I am creeping towards a much better understanding of why I, at least, have struggled to understand some of the principles here. Here is my current attempt …
- The ‘guts’ of the query is actually in the FROM clause and below. This defines which object structures to return and the filters (WHERE clause) on any matching objects.
so FROM COMPOSITION C where c/start_time/value = ‘2020-03-03’ says “find me all composition objects with that start_time.”
then critically it means “each time you find a unique object matching those criteria, create a new row in the resultset.”
So far so good - we get a row back for each matching object
Now SELECT kicks in and says, from that row you have given me, here are the specific objects or scalar values that I really want to see.
Critically, SELECT is a filter on each object in the array of rows returned by the FROM clause, each of which holds an object.
If we work with Bjorn’s example we will get 2 compositions (assuming they have the same start_time)
- We can apply the same principle with FROM OBSERVATION o where o/origin/value = ‘2020-03-03’
If we work with Bjorn’s example we will get 3 Observations (assuming they have the same origin)
In neither example is the WHERE clause necessary - just to demonstrate that the first phase of the process is the query into the FROM space and any WHERE clauses to return an array of matching objects - one per row. I’m also ignoring FROM EHR e for brevity.
So far again so good, no surprises in the returned content in either example?
- but what happens when we start nesting the CONTAINS clause.
FROM COMPOSITION C CONTAINS OBSERVATION o where c/start_time/value = ‘2020-03-03’ and o/origin/value = ‘2020-03-03’
Until about an hour ago I would have said that this means
“find me all composition objects with that start_time which also contain OBSERVATION o with that particular origin value”
but I now understand that actually means “find me all Observation objects with that particular origin whose parent composition objects have that particular start_time” and return the whole structure - parent composition and matching observation.
i.e. executing a FROM clause will always generate matches at the lowest level of object matching - one row for each object match - if the matching object happens to share a parent composition with another matching object, it doesn’t care.
So in Bjorn’s example, we now get 3 rows - one for C1 that has one Observation match, 2 for C2 that has two observation matches.
So now the critical thought-error (for me at least) - by specifying SELECT c or SELECT c, o, or anything else, I am somehow controlling the object rows that are matched - I’m not, I am merely filtering the object that the FROM clause returns in each row and that will always look for unique matches at the furthest end of the data tree it has been asked to traverse.
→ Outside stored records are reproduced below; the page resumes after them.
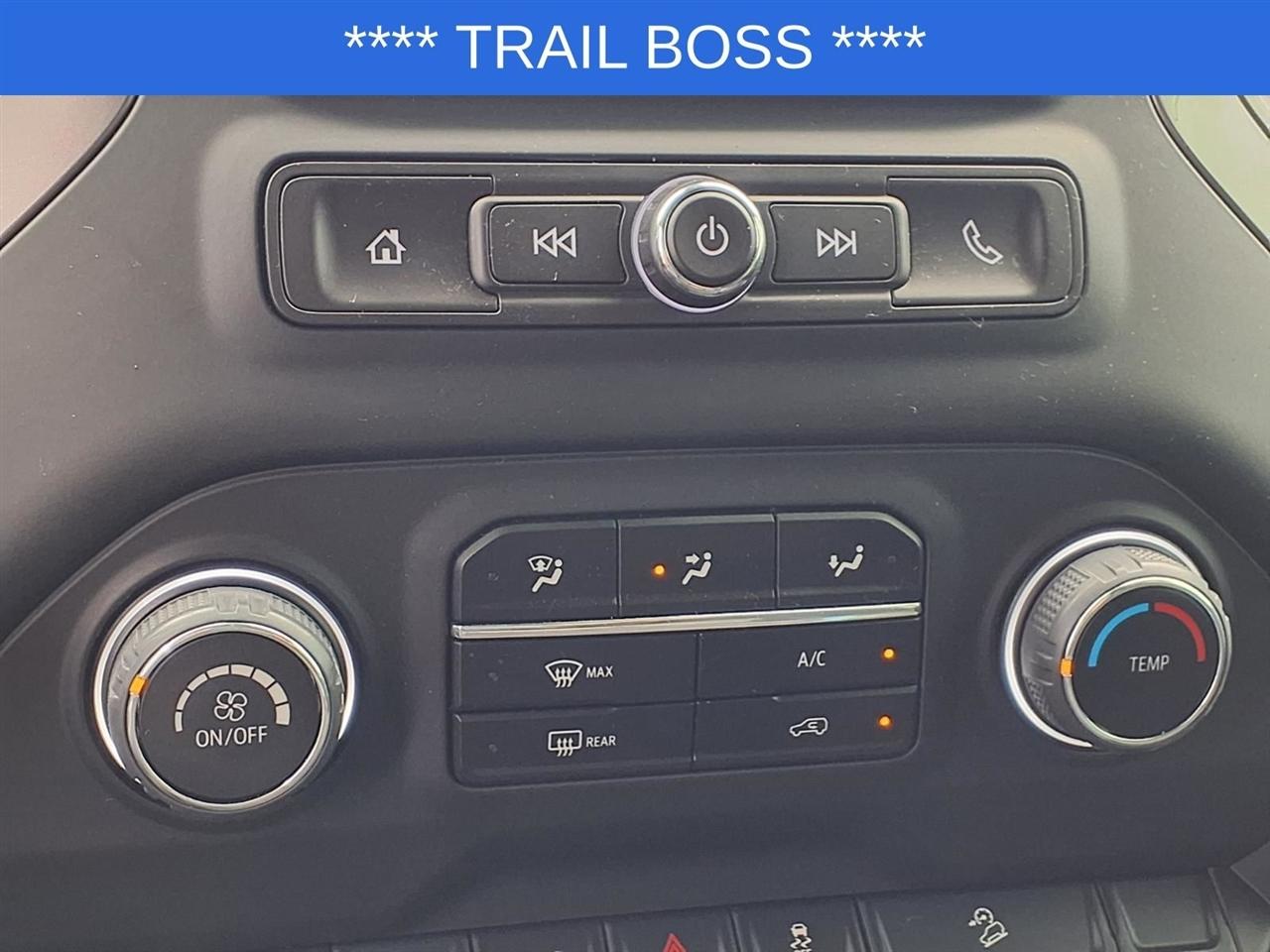Chevrolet Silverado 1500 Trail Boss Custom Crew Cab 4WD 2024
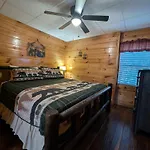 Ern807 - Black Bearry Ridge - Great Location! Close To All The Action! Cabin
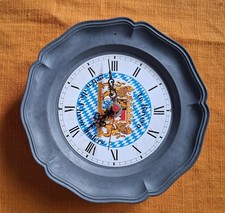 Wanduhr, Zinnteller, mit Bayrischem Wappen, Durchmesser 15,5 cm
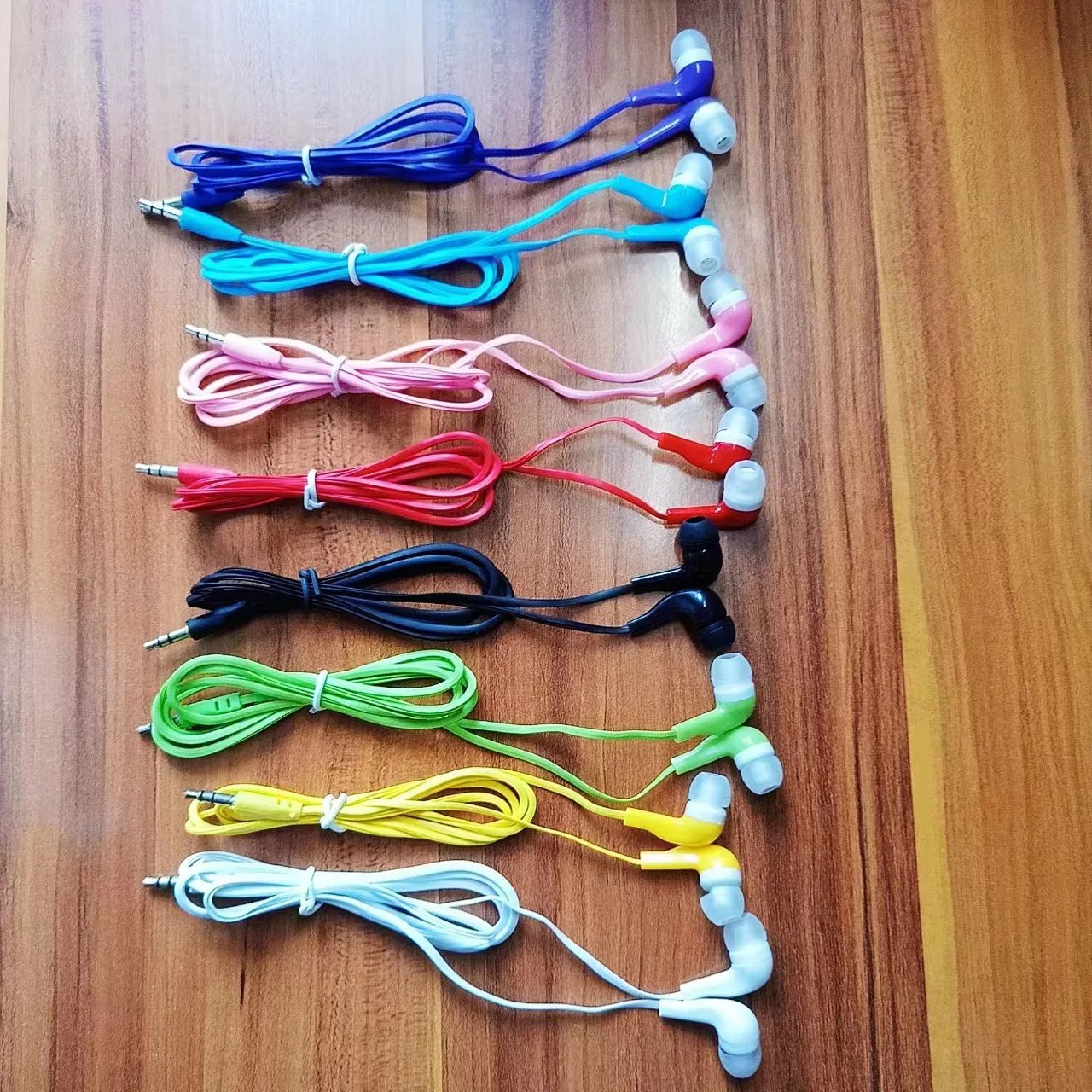 Проводные наушники с наушниками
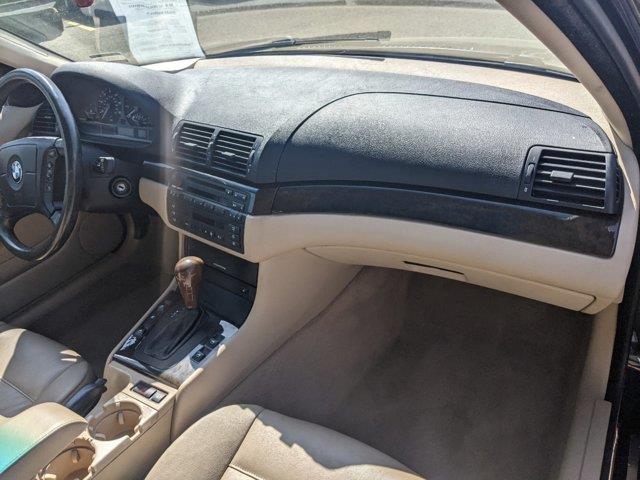 2000 BMW 3 Series 328i 4dr Sdn, available for sale in Clinton, Connecticut | M&M Motors International. Clinton, Connecticut 2000 BMW 3 Series 328i 4dr Sdn, available for sale in Clinton, Connecticut | M&M Motors International. Clinton, Connecticut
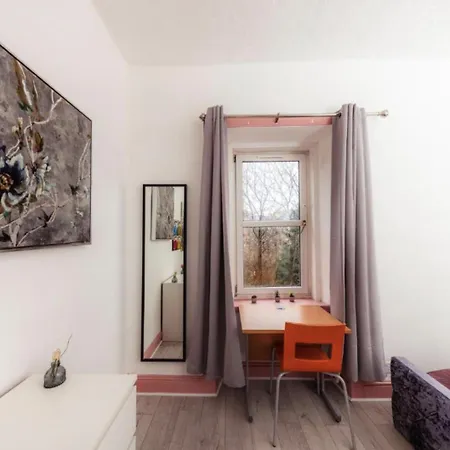 Warm & Welcoming City Centre Apt - Meadows 11! Daire Edinburgh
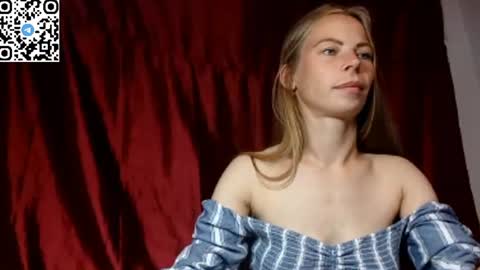 Snapshot of silentpassion567 chatting on June 21, 12:35 am JULIANA online show from June 21, 12:35 am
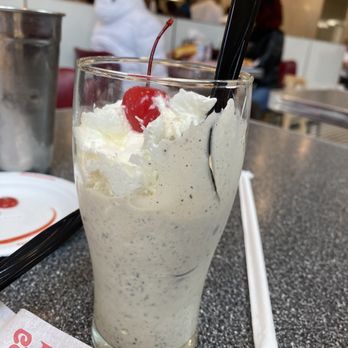 Johnny Rockets - Oreo milkshake - Burgers Near Me - Atlanta, Georgia Johnny Rockets - Oreo milkshake - Burgers Near Me - Atlanta, Georgia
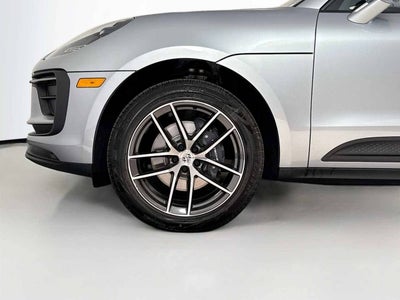 2026 Porsche Macan AWD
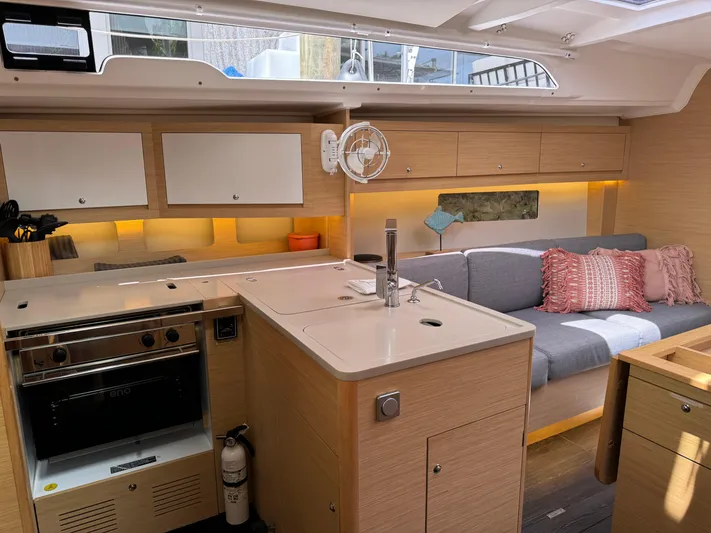 Island Girl Yacht Photos Pics 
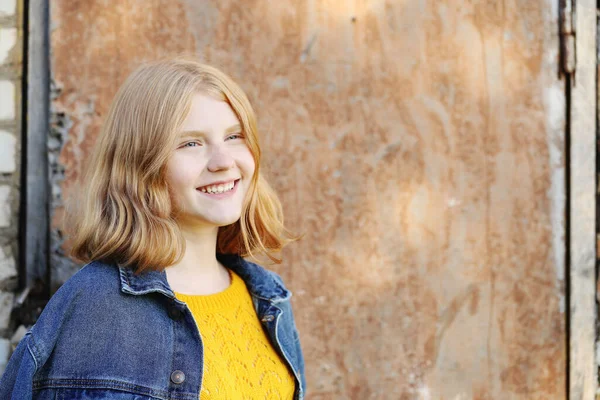 Fiatal Boldog Lány Háttérben Öreg Fal Napfényben — Stock Fotó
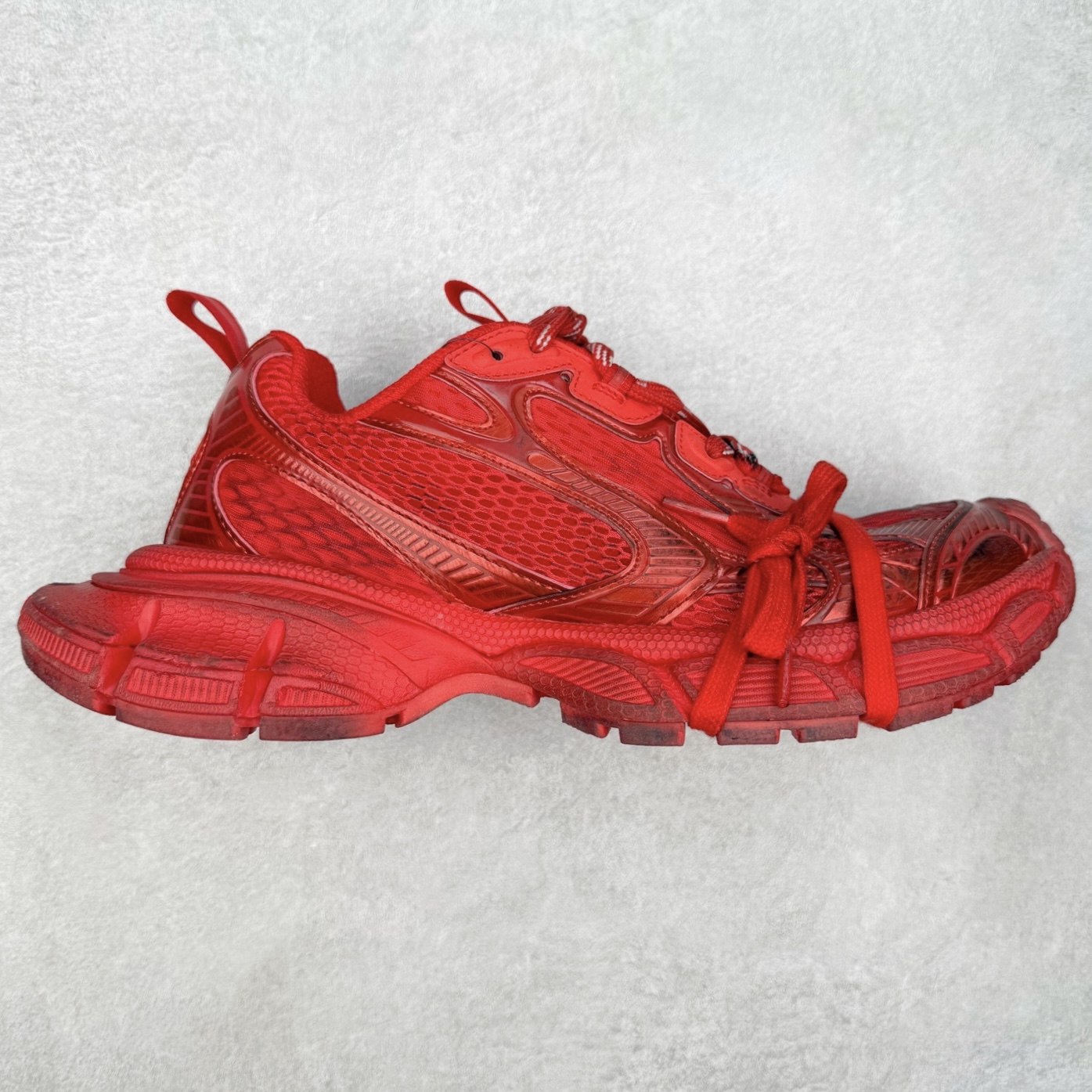 ＃纯原福利 BALENCIAGA 3XL Sneakers 巴黎世家十代网布系带低帮走秀复古老爹鞋 全套原纸板楦头开发 最原汁原味的灵魂版型 全鞋荧光划线卡点 胶水把控整洁度追求极致完美 每一双都是工艺品 多重QC质检 超越公司货的品控标准 实实在在的免检产品 原盒原配 正确字体电绣 粗细、位置、大小正确 侧边TPU 透气孔匹配意产原版 正确分离大底 TPU软底 原版一致大底LOGO 立体感十足 原厂皮料水洗做旧 采购原厂网纱 不含皮革 网布材料和聚氨酯 磨损效果 鞋头边缘和后帮 Balenciaga 徽标 鞋面和后跟凸印尺码 鞋舌 3XL 橡胶品牌标识和反光细节 鞋帮拉袢和鞋舌拉祥 配反光细节 备用鞋带在鞋履前侧 可在穿着前取下 便于不同造型搭配 偏大一码 尺码：35 36 37 38 39 40 41 42 43 44 45 46-选品中心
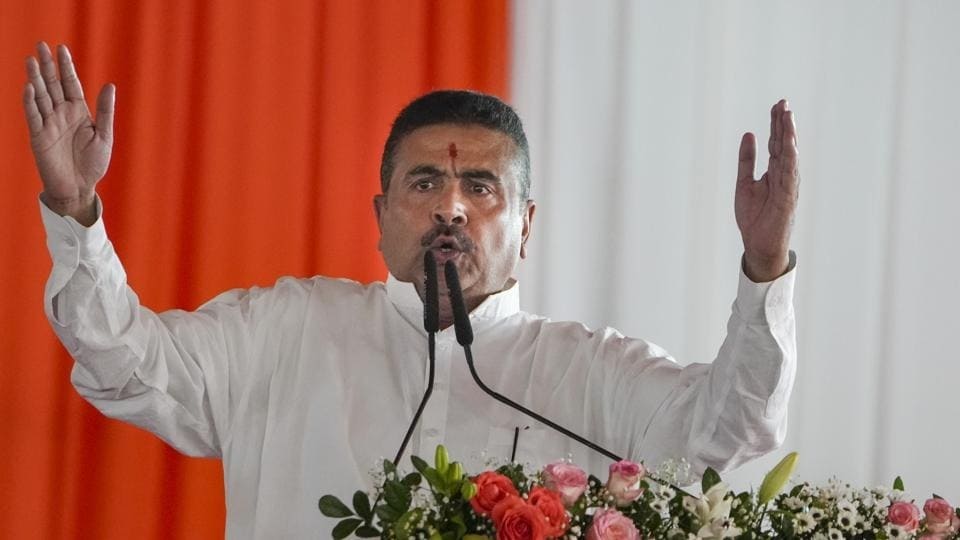 সাহিত্য সম্রাট বঙ্কিমচন্দ্র চট্টোপাধ্যায়ের ১৮৯তম জন্মজয়ন্তীতে রাজ্যের জন্য একটি গুরুত্বপূর্ণ সাংস্কৃতিক উদ্যোগের ঘোষণা করলেন মুখ্যমন্ত্রী শুভেন্দু অধিকারী। (HT_PRINT)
- FROM COMPOSITION c CONTAINS OBSERVATION o CONTAINS CLUSTER x where c/start_time/value = ‘2020-03-03’ and o/origin/value = ‘2020-03-03’
So this means…
Find me any Cluster objects which along with their parent structures, and generate an object row for each match,
if each of those OBSERVATIONS has 2 clusters we should end up with 6 rows because the ‘target’ object is a CLUSTER match, which (because of CONTAINS composition, expects to also return it within the context of the parent COMPOSITION.
Anything I express in SELECT has no effect on that number of matches, it merely filters what is returned in each row.
I’ll stop here for a lie down but, at least at one level now my head understands what is happening.
There also does appear to me to be a requirement to allow the ‘projections’ approach as well as the ‘single-composition approach’ so I like Seref;s suggestion of using EXIST as an alternative to CONTAINS to control that aspect, so that at very least we can use the EXIST alias as part of the WHERE clause.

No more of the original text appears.